Chisenhall's versatility in the field has raised his value in Cleveland as well. With regular third baseman Carlos Santana slumping -- he has hit a paltry .148 with just eight extra-base hits since April 18 entering Wednesday -- Chisenhall has been able to make 12 starts at the hot corner, along with 14 starts as the designated hitter and two appearances at first base.

"And think about that in the ninth or the 10th inning of a game to know that he can [play at first base]," Francona said. "I would not be shocked at some point if he works his way into a game in the outfield. It'll probably happen on a day where something goes wrong, and it'll probably be a good thing for us, because we'll put him out there and he'll do fine."

Quote to note

"A team like that who's going to be atop the division race all year, to have good games against them is very, very important when September rolls around and you're fighting for every game. To play well against them is always big, so hopefully this can catapult us going forward."
--Indians setup man Cody Allen, on winning the series against Detroit

Smoke signals

• In the fifth inning of Tuesday's 6-2 win over the Tigers, Detroit's Ian Kinsler tried to stretch a single into the left-field corner into a double. Left fielder Brantley collected the ball after it caromed off the wall and threw Kinsler out at second for his Major League-leading fifth outfield assist. Over the past two seasons, Brantley (15) ranks second to only Kansas City's Alex Gordon (21) in assists from left field.

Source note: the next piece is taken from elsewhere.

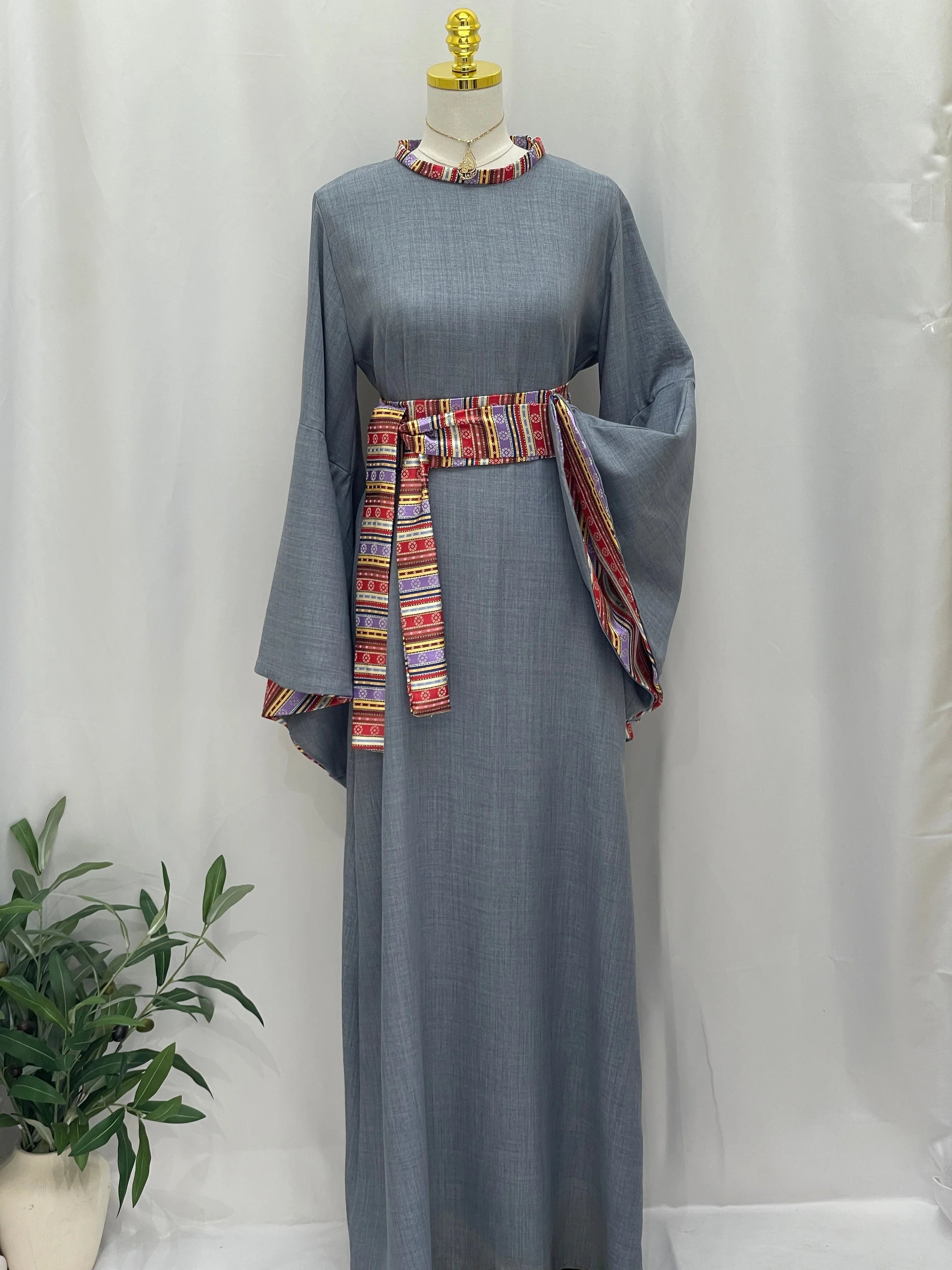 Elegant Al-Mais Thobe featuring intricate embroidery and a colorful waist belt for a stylish look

"He's so good at that and he practices it," Francona said of Brantley's spin-and-fire move in the left-field corner. "He's done it time and time again. That, at that time in the game, was a huge play."

• With his two-run single in the second inning on Wednesday, Brantley extended his hitting streak at Progressive Field to 18 games. That puts Brantley in a tie with Roberto Alomar (2000) and Kenny Lofton (1996) for the longest hitting streak in stadium history for an Indians batter.

• Indians shortstop Asdrubal Cabrera headed into Wednesday's game batting .426 (20-for-47) with two home runs, six doubles, seven walks, seven RBIs and 13 runs scored in his past 12 games, which have included seven multihit showings. Over that span, the switch-hitting shortstop raised his season average to .268 from .205 for the Tribe.

• In his first start since being optioned to Triple-A Columbus, right-hander Danny Salazar allowed five runs on six hits with one strikeout and three walks in 2 2/3 innings against Syracuse on Wednesday. Salazar threw 70 pitches (42 strikes) and allowed one home run.